**TASK:**
Counting every line in the records below that holds "Steel", give the total and add nothing.
== Segment start ==
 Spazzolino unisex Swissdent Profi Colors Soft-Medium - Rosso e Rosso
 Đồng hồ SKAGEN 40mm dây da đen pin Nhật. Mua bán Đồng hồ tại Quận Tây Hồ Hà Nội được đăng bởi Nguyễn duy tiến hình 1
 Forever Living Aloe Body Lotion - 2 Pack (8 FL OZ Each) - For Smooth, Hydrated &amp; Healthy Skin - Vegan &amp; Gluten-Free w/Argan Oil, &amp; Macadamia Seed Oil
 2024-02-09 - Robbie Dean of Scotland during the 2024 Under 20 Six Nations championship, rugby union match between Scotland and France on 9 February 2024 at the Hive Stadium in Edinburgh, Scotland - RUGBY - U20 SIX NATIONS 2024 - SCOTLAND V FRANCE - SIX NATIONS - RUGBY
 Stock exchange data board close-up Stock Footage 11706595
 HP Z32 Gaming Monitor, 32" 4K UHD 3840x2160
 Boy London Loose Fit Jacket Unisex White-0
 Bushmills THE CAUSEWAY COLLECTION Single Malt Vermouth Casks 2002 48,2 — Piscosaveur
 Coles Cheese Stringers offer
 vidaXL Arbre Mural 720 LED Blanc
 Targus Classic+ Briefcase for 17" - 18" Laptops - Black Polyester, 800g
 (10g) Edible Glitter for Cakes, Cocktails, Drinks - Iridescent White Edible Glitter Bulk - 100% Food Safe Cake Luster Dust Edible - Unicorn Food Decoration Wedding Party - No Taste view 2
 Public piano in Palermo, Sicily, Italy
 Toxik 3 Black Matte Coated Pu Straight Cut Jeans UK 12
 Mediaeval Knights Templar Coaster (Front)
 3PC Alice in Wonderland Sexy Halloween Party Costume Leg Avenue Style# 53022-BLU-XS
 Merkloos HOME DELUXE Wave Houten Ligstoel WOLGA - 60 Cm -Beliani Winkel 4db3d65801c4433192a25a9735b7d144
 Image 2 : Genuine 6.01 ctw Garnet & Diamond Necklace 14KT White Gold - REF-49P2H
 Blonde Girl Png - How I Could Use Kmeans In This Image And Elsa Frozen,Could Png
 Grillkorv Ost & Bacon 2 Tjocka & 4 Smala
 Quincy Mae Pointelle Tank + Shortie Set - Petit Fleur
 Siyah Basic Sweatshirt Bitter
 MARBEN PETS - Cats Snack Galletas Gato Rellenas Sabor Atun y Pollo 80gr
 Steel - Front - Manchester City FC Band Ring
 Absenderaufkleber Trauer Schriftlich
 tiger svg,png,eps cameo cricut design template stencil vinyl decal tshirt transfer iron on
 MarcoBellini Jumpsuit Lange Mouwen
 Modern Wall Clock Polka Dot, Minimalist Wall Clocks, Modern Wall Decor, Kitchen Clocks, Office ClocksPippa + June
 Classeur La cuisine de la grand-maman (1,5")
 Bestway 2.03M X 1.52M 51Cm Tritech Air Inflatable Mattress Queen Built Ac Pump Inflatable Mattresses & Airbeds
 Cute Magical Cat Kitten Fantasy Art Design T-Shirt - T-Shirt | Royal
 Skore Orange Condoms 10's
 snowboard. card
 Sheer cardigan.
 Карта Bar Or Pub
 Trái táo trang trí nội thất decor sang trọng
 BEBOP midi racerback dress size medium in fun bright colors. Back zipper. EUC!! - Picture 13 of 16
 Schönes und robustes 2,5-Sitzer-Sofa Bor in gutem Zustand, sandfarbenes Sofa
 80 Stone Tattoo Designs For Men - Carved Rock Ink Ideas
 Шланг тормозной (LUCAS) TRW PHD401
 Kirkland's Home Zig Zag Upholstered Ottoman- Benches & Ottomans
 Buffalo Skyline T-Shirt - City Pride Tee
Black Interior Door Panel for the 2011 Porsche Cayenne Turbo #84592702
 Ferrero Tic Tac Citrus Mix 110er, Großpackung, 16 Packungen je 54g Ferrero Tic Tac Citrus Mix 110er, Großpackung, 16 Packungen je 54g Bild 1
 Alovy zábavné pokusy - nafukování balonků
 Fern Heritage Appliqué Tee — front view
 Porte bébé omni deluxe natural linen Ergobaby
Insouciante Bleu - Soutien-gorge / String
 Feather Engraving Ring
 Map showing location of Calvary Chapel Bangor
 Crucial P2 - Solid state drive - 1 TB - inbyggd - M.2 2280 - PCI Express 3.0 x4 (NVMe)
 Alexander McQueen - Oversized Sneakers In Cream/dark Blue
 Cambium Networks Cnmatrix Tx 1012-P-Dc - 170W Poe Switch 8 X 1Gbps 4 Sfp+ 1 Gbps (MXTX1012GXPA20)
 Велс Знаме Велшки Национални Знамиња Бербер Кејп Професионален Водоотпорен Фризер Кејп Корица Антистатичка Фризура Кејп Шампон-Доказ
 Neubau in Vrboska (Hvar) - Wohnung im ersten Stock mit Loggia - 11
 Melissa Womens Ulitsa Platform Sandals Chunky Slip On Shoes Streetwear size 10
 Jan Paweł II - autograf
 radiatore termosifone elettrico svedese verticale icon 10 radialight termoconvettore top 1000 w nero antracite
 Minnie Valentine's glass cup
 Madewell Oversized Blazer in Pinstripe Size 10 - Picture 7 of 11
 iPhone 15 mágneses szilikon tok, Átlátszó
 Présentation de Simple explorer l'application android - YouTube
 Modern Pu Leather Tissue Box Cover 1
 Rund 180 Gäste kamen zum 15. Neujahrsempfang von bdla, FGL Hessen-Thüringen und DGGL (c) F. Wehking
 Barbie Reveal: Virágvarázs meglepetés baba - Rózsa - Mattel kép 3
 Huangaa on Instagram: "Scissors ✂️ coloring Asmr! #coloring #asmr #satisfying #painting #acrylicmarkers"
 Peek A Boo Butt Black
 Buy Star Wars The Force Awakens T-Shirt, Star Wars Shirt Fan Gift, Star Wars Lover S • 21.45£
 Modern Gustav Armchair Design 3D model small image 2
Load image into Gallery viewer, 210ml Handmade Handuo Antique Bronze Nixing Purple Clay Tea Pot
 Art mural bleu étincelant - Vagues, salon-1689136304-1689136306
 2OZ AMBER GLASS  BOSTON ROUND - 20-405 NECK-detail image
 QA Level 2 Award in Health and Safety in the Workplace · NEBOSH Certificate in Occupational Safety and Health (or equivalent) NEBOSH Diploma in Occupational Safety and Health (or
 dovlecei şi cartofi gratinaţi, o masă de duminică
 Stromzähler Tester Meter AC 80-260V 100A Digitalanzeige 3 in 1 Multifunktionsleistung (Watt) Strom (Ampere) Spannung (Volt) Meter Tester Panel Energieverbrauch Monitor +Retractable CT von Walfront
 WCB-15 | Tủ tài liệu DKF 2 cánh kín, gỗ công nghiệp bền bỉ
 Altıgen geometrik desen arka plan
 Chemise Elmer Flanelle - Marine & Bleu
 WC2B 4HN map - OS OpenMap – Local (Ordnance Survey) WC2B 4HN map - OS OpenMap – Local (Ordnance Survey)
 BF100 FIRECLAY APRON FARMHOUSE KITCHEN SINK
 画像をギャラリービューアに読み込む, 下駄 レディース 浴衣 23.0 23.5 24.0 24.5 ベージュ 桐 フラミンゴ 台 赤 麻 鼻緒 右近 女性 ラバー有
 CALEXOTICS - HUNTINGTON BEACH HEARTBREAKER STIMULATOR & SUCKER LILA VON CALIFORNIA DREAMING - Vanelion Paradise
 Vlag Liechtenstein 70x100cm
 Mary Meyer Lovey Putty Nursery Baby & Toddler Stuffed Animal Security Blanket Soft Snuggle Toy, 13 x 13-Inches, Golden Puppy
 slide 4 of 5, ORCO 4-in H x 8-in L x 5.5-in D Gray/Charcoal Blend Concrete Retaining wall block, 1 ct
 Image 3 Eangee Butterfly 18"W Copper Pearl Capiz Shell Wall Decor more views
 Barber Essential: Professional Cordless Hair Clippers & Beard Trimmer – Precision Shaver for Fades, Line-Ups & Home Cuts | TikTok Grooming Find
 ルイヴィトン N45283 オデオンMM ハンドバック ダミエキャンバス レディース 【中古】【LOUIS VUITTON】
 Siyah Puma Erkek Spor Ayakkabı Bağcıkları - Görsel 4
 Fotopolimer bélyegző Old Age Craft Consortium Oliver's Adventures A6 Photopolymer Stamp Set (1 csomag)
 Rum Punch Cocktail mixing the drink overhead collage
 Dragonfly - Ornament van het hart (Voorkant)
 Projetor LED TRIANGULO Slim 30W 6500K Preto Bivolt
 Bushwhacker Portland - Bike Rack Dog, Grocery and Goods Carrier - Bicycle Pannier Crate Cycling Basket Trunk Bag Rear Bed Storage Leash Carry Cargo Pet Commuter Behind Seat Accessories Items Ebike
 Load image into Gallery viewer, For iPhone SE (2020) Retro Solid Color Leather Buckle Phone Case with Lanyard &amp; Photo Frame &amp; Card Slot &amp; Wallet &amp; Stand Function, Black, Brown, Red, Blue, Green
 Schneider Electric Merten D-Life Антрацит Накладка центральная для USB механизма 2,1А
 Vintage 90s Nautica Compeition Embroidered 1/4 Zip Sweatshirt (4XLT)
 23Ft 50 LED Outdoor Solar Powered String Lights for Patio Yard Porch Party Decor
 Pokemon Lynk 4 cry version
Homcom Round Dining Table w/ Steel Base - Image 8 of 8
== Segment end ==
**TASK RESULT:**
2